Limitations & Future Work

  • The authors acknowledge that 47.2% is still far below human level, and many abstract patterns remain difficult for USRL.
  • Scope is limited to "example-based rule induction," making it less suitable for fixed-rule problems (like Sudoku) or tasks without demonstration pairs.
  • Adaptive halting depends on the validity of the isomorphism hypothesis; it is unclear how reliable \(C_{intra}\) is when rules are ambiguous or noisy.
  • Future work: Extending this loop to other domains that follow the rule induction paradigm.
  • vs TRM: Both are 7M recurrent models.
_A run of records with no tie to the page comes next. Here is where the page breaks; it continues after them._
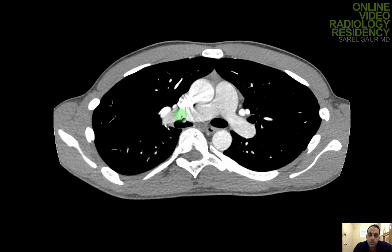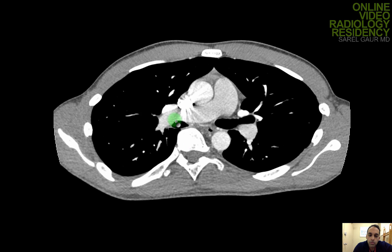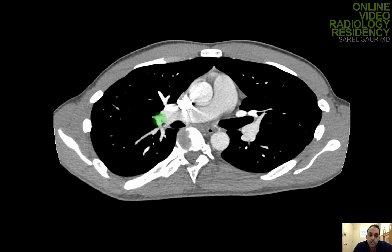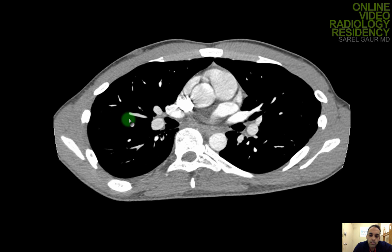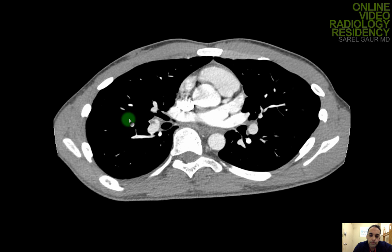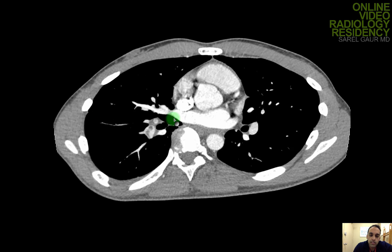I'm going to move on to the right middle lobe. I can see the right middle lobe pulmonary artery coming off in this region. I can see two branches, and I'm going to start following them and looking for any filling defect.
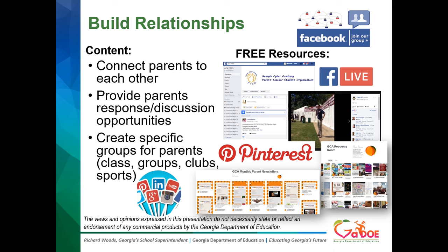You can use social media to help build relationships with your families. You can connect parents to each other, provide parents response and discussion opportunities, and create specific groups for parents — maybe a fifth-grade classroom group, clubs, or sports. Some free resources that will help with this are Facebook, creating a group with like interests such as all of the parents of the varsity soccer team. You can also use Pinterest and include monthly parent newsletters or resource room ideas.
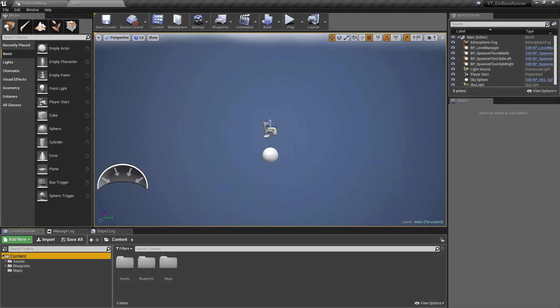Hey everyone and welcome back to another Unreal tutorial. In this video we're going to take a slight break from the implementation of the floor classes and look at something called blueprint interfaces. If you haven't seen or used these before, they can be a little bit confusing in terms of how they work and why you would use them, so I'm going to quickly highlight and cover why we're going to be using them in this project.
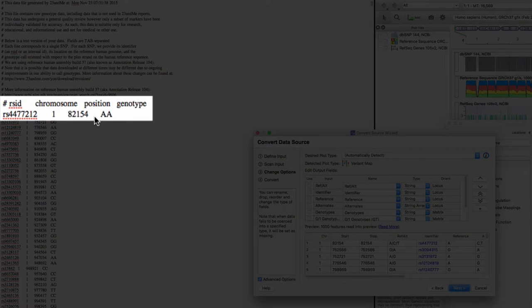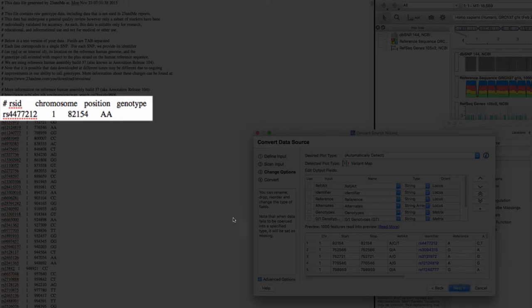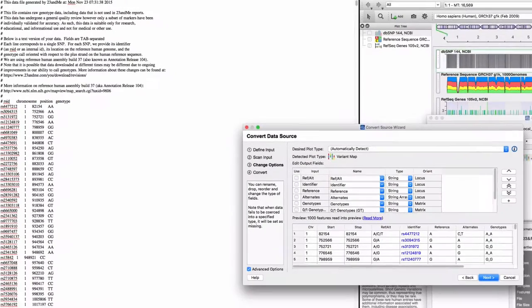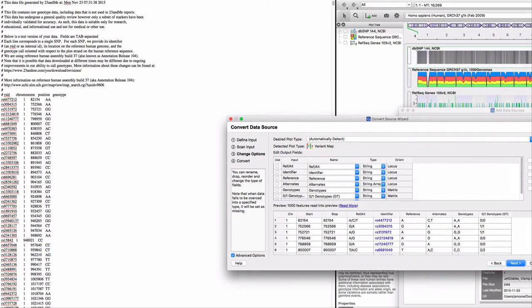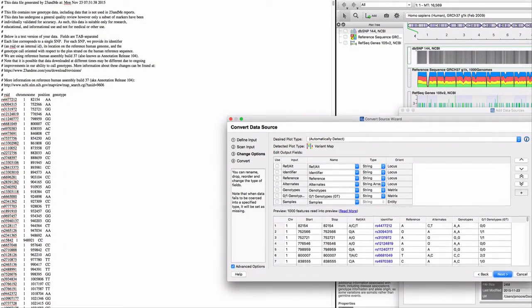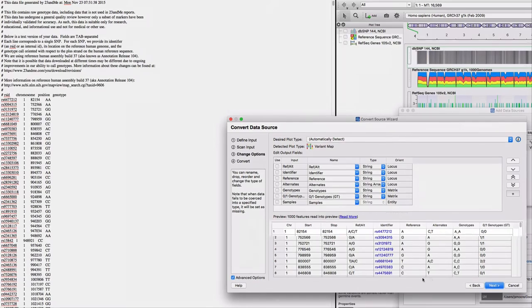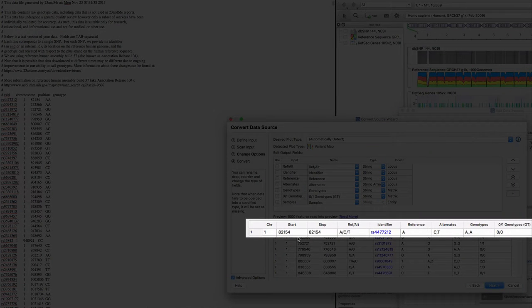The first line is SNP RS4477212 at position 82154 of chromosome 1 with genotype AA. Now inspect the preview of converted data. The first line is in perfect agreement with the raw data.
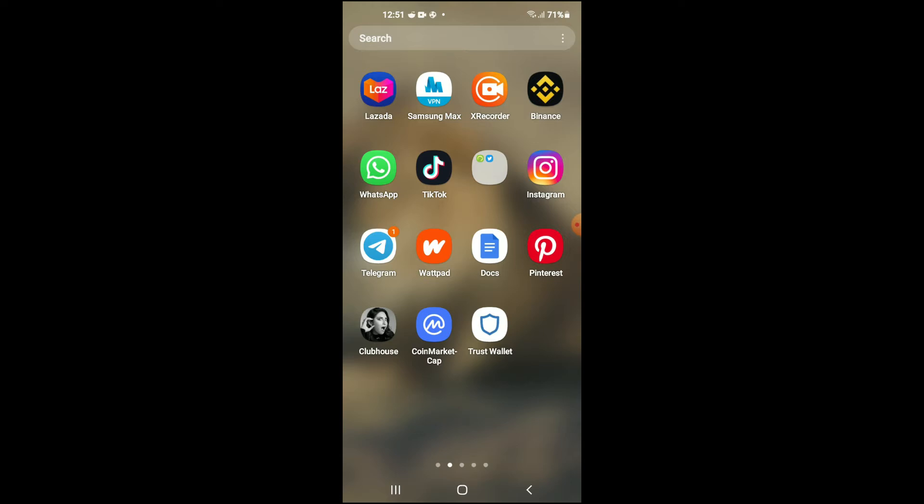You are going to need to download two apps. First, you'll need to download the Trust Wallet app, then I would recommend you download the CoinMarketCap app.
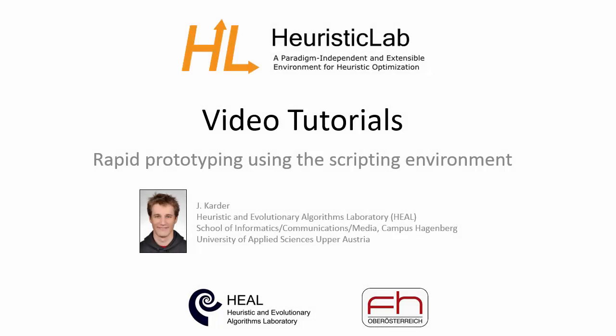This concludes the Heuristic Lab video tutorial Rapid Prototyping using the scripting environment. I hope that you got an idea on how to use the scripting functionalities in Heuristic Lab and begin with rapid prototyping by implementing your own scripts.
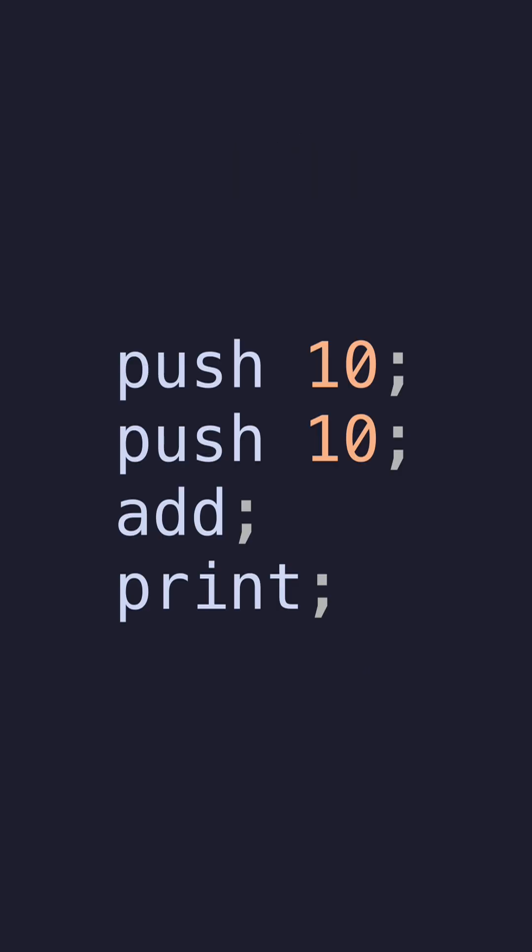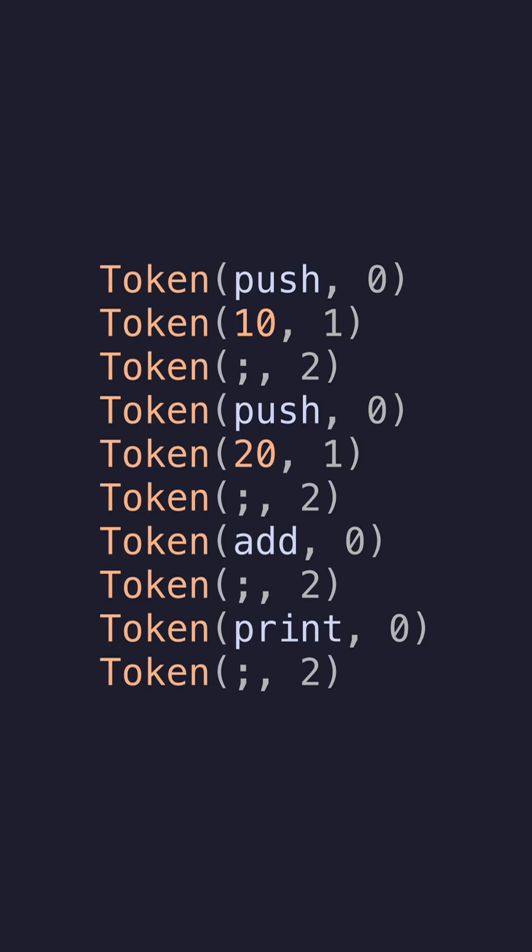Let's return back to the source code we've been working with. If you recall from my previous video, we divided these into separate tokens. If you didn't watch my previous video, these are the tokens that we divided the source code into. Now to understand this once again, we will draw a parallel to human languages, for example, English.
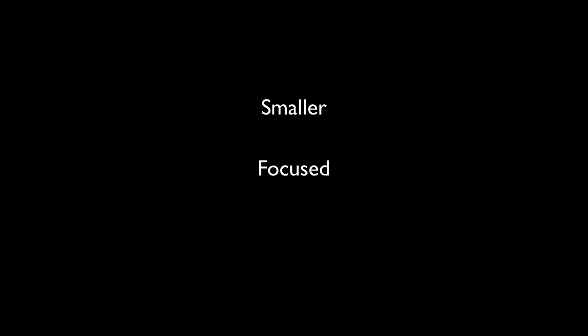The cleaner syntax is helpful, but it won't solve poor function design. Pipelines highlight the need for smaller, focused, and predictable functions.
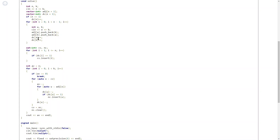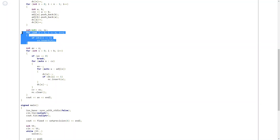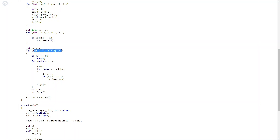Each vertex coming in increments the degree by one. I have used a set here instead of a vector — you can use either. I use two sets: 'cv' which contains the nodes currently having degree one (the current leaf nodes in my graph), and 'nc' which I'll explain shortly. 'av' is the number of vertices currently present in our graph.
TRM recursively feeds its own latent state back but depends on static puzzle-embedding tables of training IDs, limiting generalization (44.6%). USRL uses dynamic rule encoding + gating, achieving 47.2%.
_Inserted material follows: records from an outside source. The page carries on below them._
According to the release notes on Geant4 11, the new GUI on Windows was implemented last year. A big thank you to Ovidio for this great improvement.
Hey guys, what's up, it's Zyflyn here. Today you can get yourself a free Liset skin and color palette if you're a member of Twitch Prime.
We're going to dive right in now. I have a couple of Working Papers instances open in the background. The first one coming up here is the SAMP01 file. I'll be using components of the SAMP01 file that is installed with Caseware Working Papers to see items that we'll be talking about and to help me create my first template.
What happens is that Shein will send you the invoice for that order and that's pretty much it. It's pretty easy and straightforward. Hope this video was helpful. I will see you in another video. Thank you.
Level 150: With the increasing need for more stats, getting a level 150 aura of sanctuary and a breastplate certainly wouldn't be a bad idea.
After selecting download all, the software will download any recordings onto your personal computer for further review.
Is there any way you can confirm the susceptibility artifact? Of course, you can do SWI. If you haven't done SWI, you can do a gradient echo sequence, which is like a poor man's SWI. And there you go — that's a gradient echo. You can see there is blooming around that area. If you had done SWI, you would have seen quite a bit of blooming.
  • vs Adaptive Computation Time (ACT): Both use dynamic steps, but USRL’s signal comes from a task-semantic consistency criterion rather than a generic halting probability.
  • vs Rule Learning Paradigms: Compared to task adapters, condition injection, and task embedding, USRL combines the latter two—learning latent rule representations and dynamically modulating them using the solver's state.

Rating

  • Novelty: ⭐⭐⭐⭐ Explicitly building UM/SM interaction + self-consistency halting is clever and well-integrated.
  • Experimental Thoroughness: ⭐⭐⭐⭐ Results, ablations, and depth analyses are comprehensive, though limited to ARC-AGI-1.
  • Writing Quality: ⭐⭐⭐⭐ Logical flow from motivation to method and criteria is clear.
  • Value: ⭐⭐⭐⭐ Provides a strong case for "structure over scale" in inductive reasoning.